= American Debate Association =

Intercollegiate debate association

The American Debate Association began in 1985 as an intercollegiate debate association. It uses the resolution selected by the Cross Examination Debate Association and the National Debate Tournament. Currently they have 40 member schools. Its current president is Danielle Verney-O'Gorman, Director of Debate at the United States Naval Academy.

==History==

The ADA was founded in 1985. The ADA was founded to emphasize the argumentation and persuasive speech elements of policy debate, and to provide a training ground for novice debaters.
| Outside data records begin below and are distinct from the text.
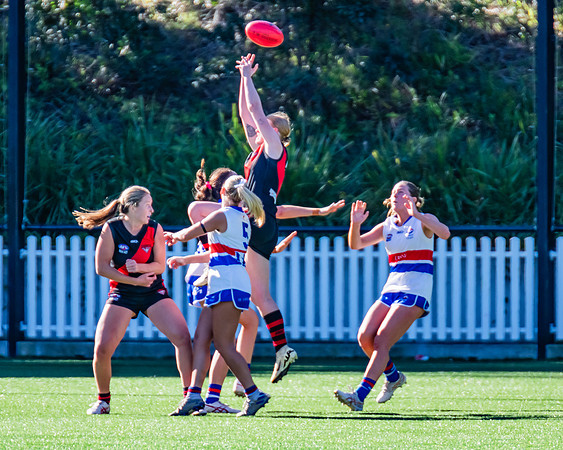 Rd 4 WPD - North Shore v UNSW-ES - 27 April 2024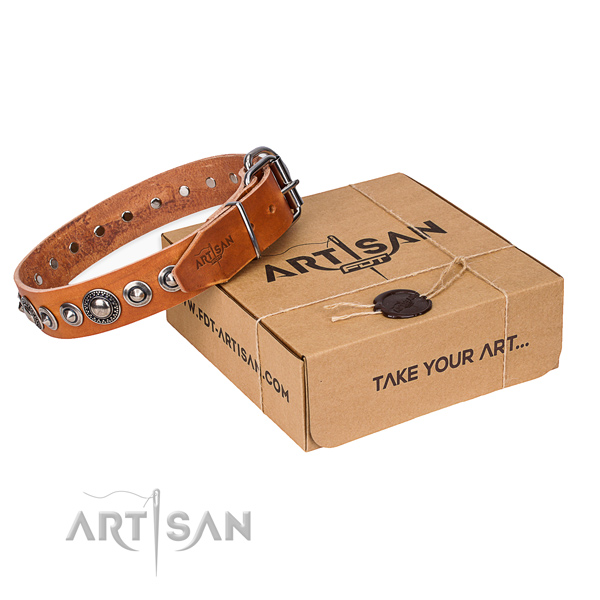 Full grain genuine leather dog collar made of quality material with rust-proof fittings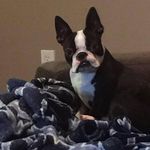 Daniel Keener - @danielkeener75 - Instagram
It was formed in the mid-Atlantic region of the United States, in Virginia, Maryland, DC and Pennsylvania.

==Member schools==

2017-2018 Member Schools:

Boston College

California State University at Northridge

Concordia College

Emory University

Florida State University

George Mason University

Georgetown University

Harvard University

Indiana University

Liberty University

Michigan State University

Missouri State University

Northwestern University

Samford University

Trinity University

United States Naval Academy

University of California – Berkeley

University of Central Florida

University of Central Oklahoma

University of Florida

University of Georgia

University of Houston

University of Kansas

University of Kentucky

University of Mary Washington

University of Miami

University of Michigan

University of Minnesota

University of Nevada at Las Vegas

University of North Georgia

University of Southern California

University of Texas at Austin

University of Texas at Dallas

University of West Georgia

Vanderbilt University

Wake Forest University

Wayne State University

Wichita State University

==Mission and Policies==

The ADA's mission of increasing participation, maintaining a balance between education and competition, and ensuring an equitable and fair activity for all programs, regardless of their size or experience is facilitated by the ADA's rules and is premised on the following assumptions:

1. Debate is a controlled discussion which analyzes the substantive issues raised by a particular policy proposition.
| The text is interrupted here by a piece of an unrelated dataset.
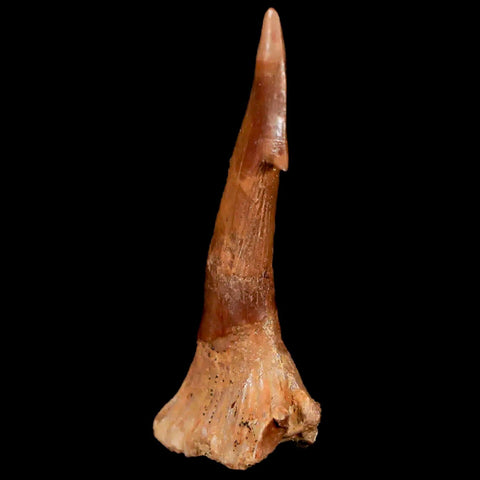 1.9" Sawfish Fossil Tooth Barb Onchopristis Numidus Cretaceous Dinosaur Era COA - Fossil Age Minerals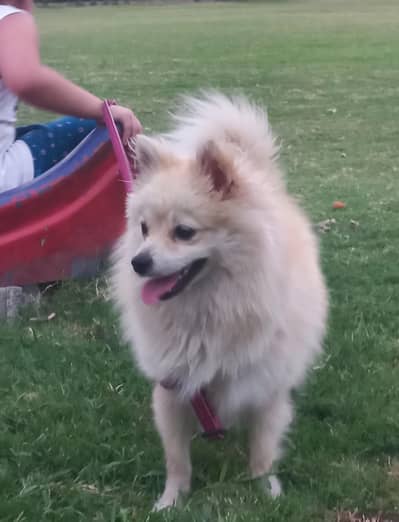 Pomeranian ( German Spitz )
2. Debate is a persuasive, oral communication activity in which debaters assume the obligation to communicate reasons for positions taken in a manner that is coherent, intelligible, and consistent with the limitations on human speech and listening.

3. Debate tournaments will be run efficiently, honestly, and in a manner which promotes the educational values of debating for all participants.

4. Coaches and judges are educators whose job it is to effectively prepare students to debate, to objectively and fairy evaluate rounds of competition to which they are assigned, and to behave in an ethical and professional fashion.

5. Debate is an educational activity to be engaged in by undergraduates who are officially enrolled full-time students in good academic standing at the colleges and universities they represent in competition.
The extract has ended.